Kittybrewster Police Office.

Kittybrewster already under scrutiny

Inspectors also noted the ongoing fatal accident inquiry into the death of Warren Fenty who died at the 60-cell Kittybrewster suite just days after it opened in 2014.

The report stated: “We do not intend to comment on the circumstances surrounding this case as it is subject to an ongoing inquiry.”

Instead, they said they were focusing on the 6,973 custodies who spent time in the cells there between April 2020 – March this year.

Further inspections of the force’s cells blocks in Elgin and Fraserburgh were also carried out.

The 14-cell block in Elgin, extended in 2014 and due for an upgrade next year, drew criticism over how long prisoners there had to wait to see medical professionals or receive medication.

The cells in Fraserburgh police station.

“This reflects an unacceptable situation which puts detainees at risk,” the report stated, claiming healthcare provision there was “inconsistent and did not adequately meet the needs of detainees nor the centre”.

It recommended Police Scotland engage with relevant health boards and social care partnerships “as soon as possible” to ensure there’s “consistent, accessible and quality healthcare” in place.

A total of 1,151 men and women spent time in the Moray Street cells between April 2020 and last March.

Fraserburgh’s 12-cell block at the Finlayson Street station played host to 1,139 custodies in the same period.

It, like the other two cell blocks, had vacancies for permanent staff, meaning those roles were being covered by local police, something the report said wasn’t ideal.

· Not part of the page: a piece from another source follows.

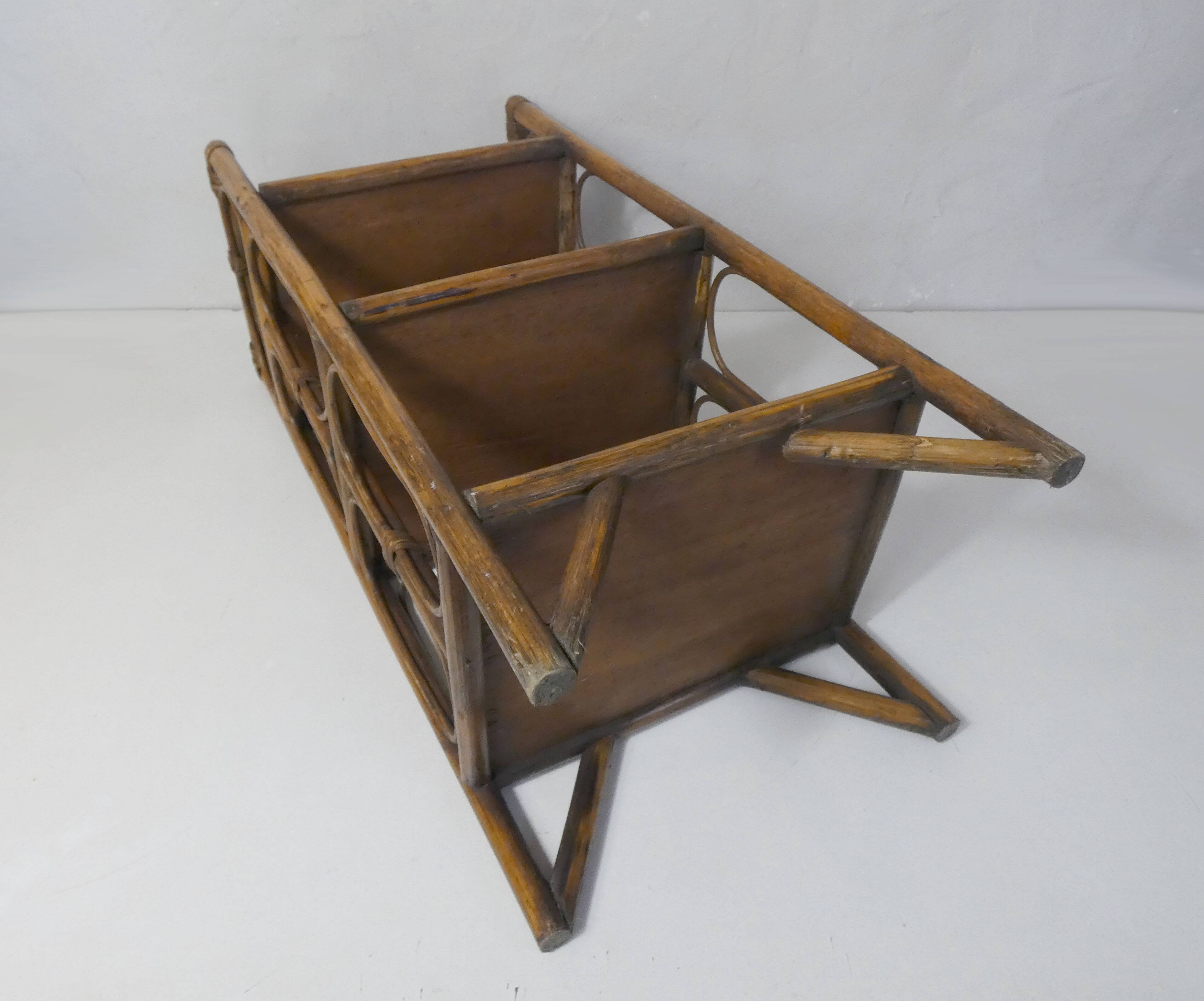 rattan bedside table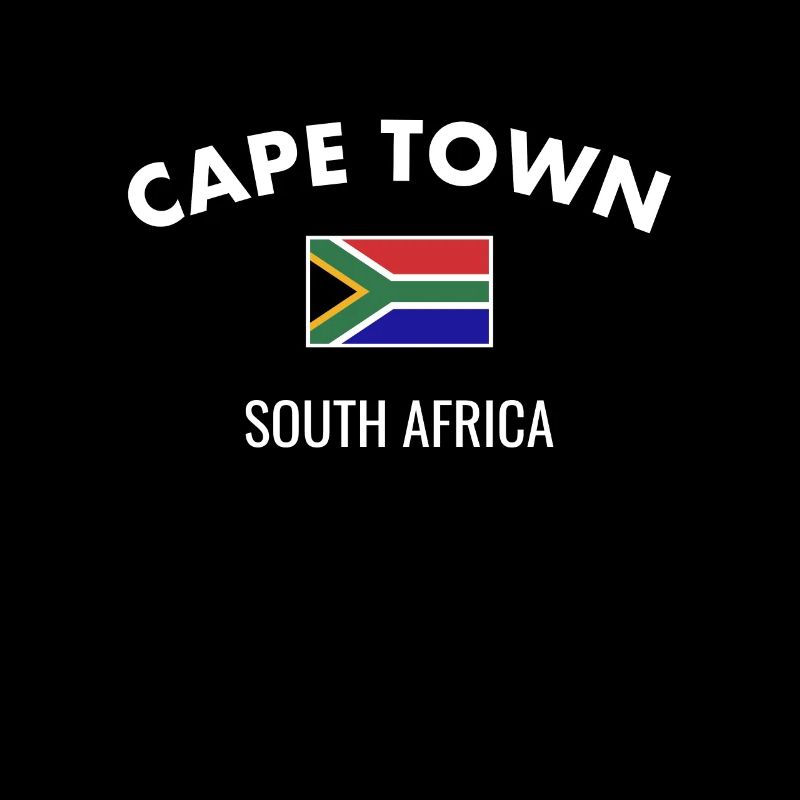 Cape Town Afrique du Sud Drapeau sud-africain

It recommended: “Police Scotland should review the potential risks and benefits of utilising local policing to cover shifts and other custody operations in the north-east cluster and build resilience in Criminal Justice Services Division capacity where required.”

Staff praised at all three sites

The inspectors did, however, praise many aspects of the suites, not least the “sound level of oversight” awarded by sergeants making decisions on custody care and risk assessments.

It also noted that staff were “professional and respectful” towards detainees.

Fraserburgh Police Station and custody suite in Finlayson street.

Findings attract criticism

Scottish Conservative north-east MSP Douglas Lumsden said it was “completely unacceptable” staff were relying on paper notes at Kittybrewster.

“At a time when additional services are being moved from Queen Street to Kittybrewster, it’s staggering to learn that the facility doesn’t have basic IT in place,” he said.

“Staff who are tasked with keeping the public safe deserve to be fully supported which includes having a reliable electronic system that can be updated while cell checks are taking place.”

Inside a cell at Kittybrewster custody suite.

Superintendent Mairi Macinnes, from the north’s criminal justice services division, said the safety and welfare of those in custody is “paramount” and therefore she welcomed the report.

“It recognises the thorough and robust risk assessment and care planning procedures that are in place within our custody centres in the north-east,” she said.

“It also highlights the ongoing welfare support and interventions put in place for detainees in custody, which have been developed within the north-east and are reflective of policy changes for national custody provision which have evolved over several years.”

She added: “We also note the recommendations by HMICS and will continue to engage with responsible healthcare partners to improve the provision of care for those in custody who would benefit.”

The Scottish Government has been contacted for comment.